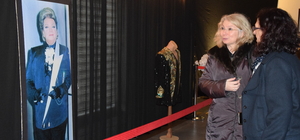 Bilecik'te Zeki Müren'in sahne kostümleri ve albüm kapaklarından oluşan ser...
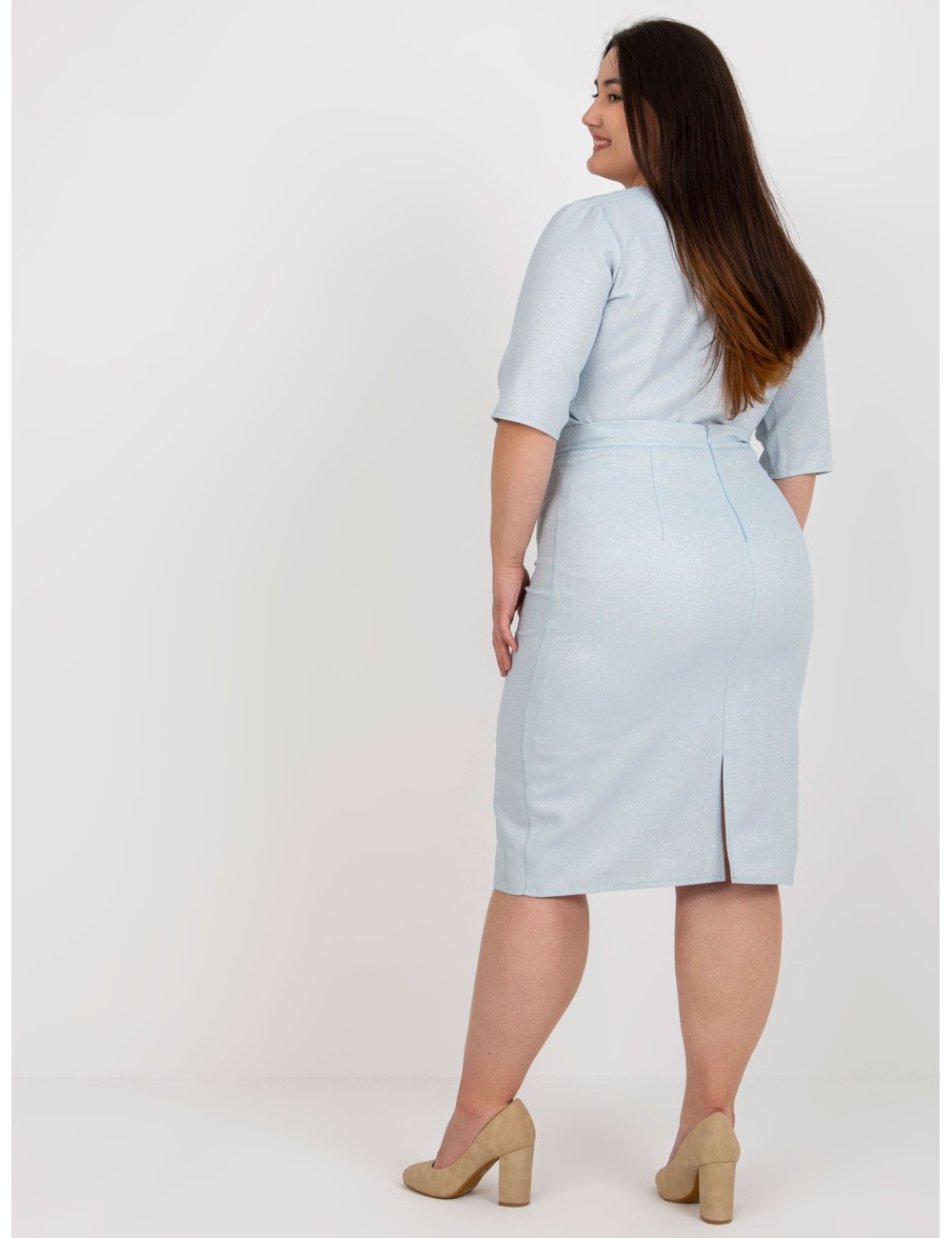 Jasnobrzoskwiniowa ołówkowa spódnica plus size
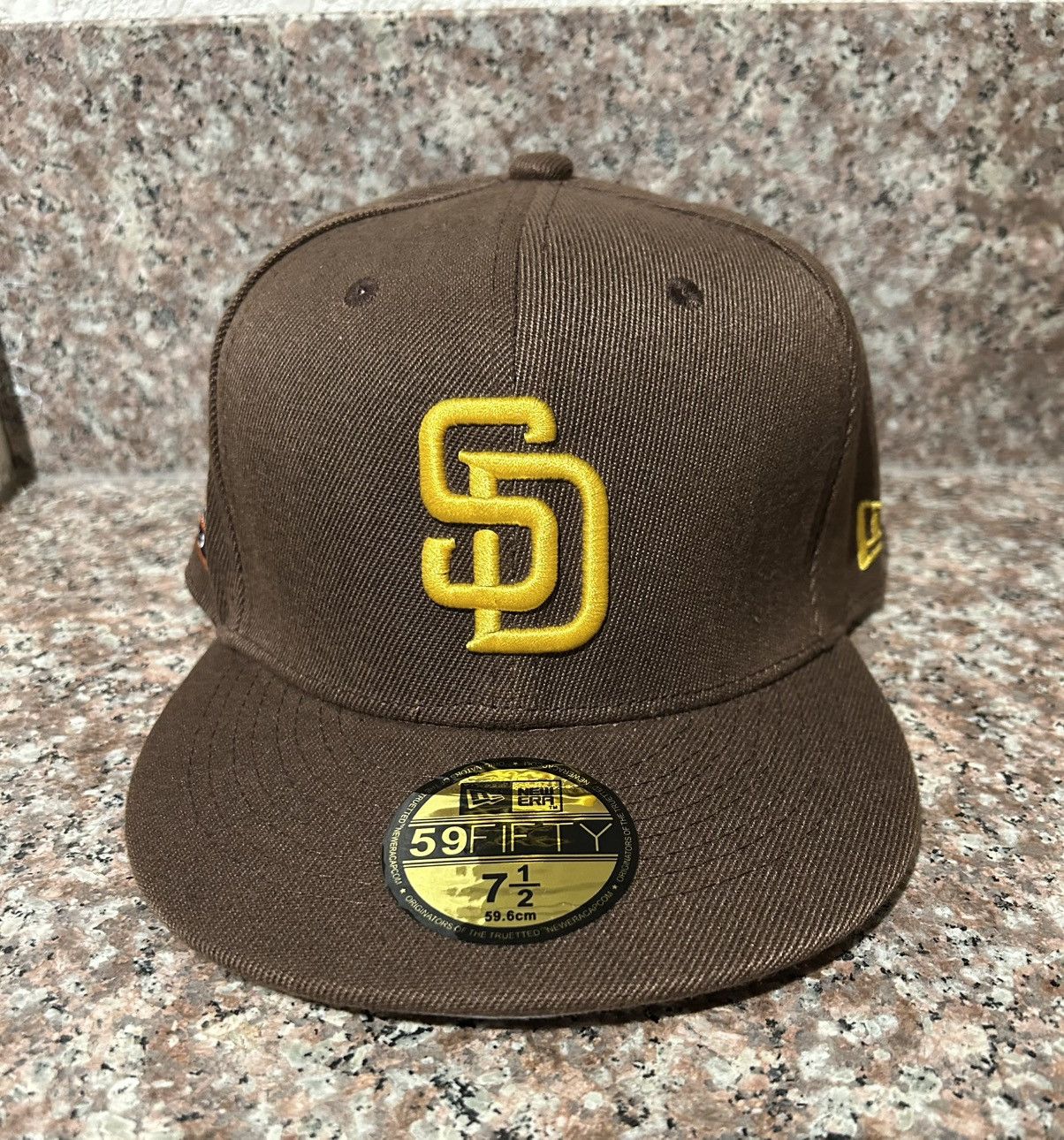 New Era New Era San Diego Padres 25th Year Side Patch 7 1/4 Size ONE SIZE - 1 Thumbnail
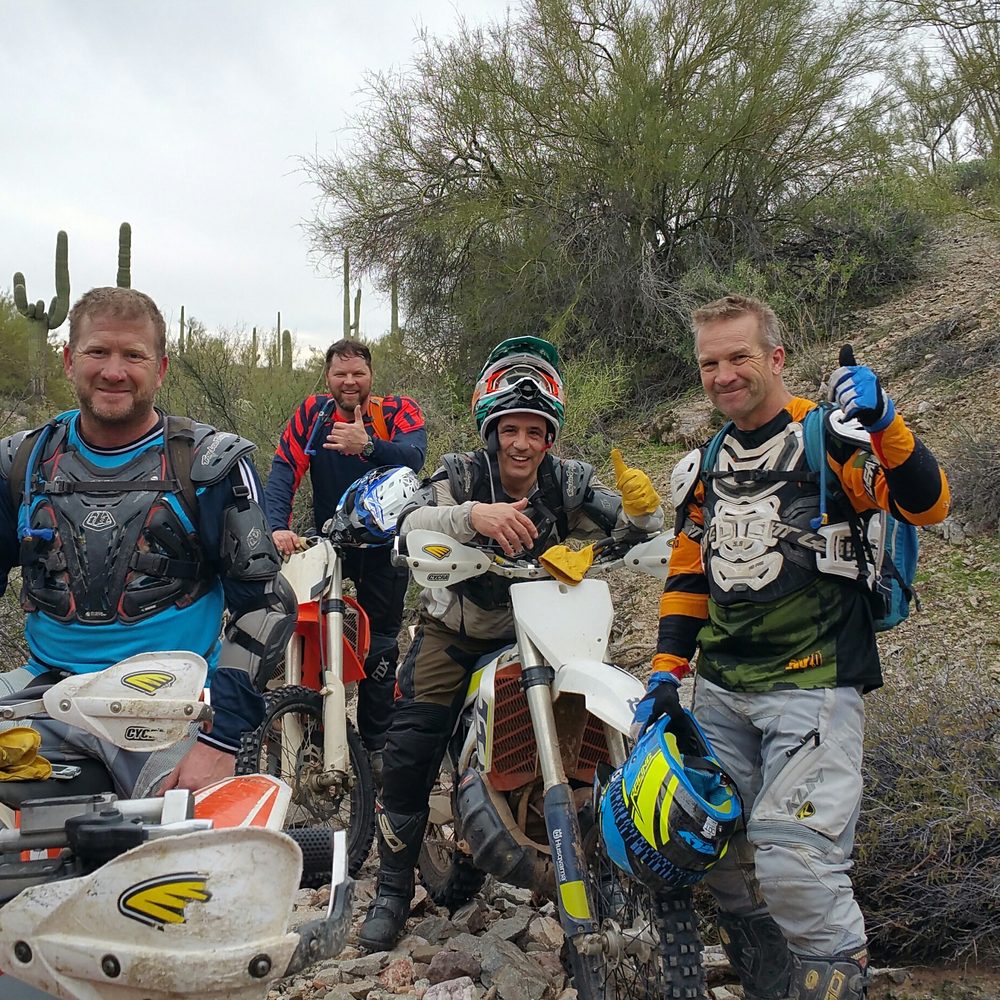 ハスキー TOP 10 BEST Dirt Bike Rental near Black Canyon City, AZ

ASSIGNED TASK: Repeat each line of the material exactly, and drop any image it carries.

TASK ANSWER:
 Bilecik'te Zeki Müren'in sahne kostümleri ve albüm kapaklarından oluşan ser...
 Jasnobrzoskwiniowa ołówkowa spódnica plus size
 New Era New Era San Diego Padres 25th Year Side Patch 7 1/4 Size ONE SIZE - 1 Thumbnail
 ハスキー TOP 10 BEST Dirt Bike Rental near Black Canyon City, AZ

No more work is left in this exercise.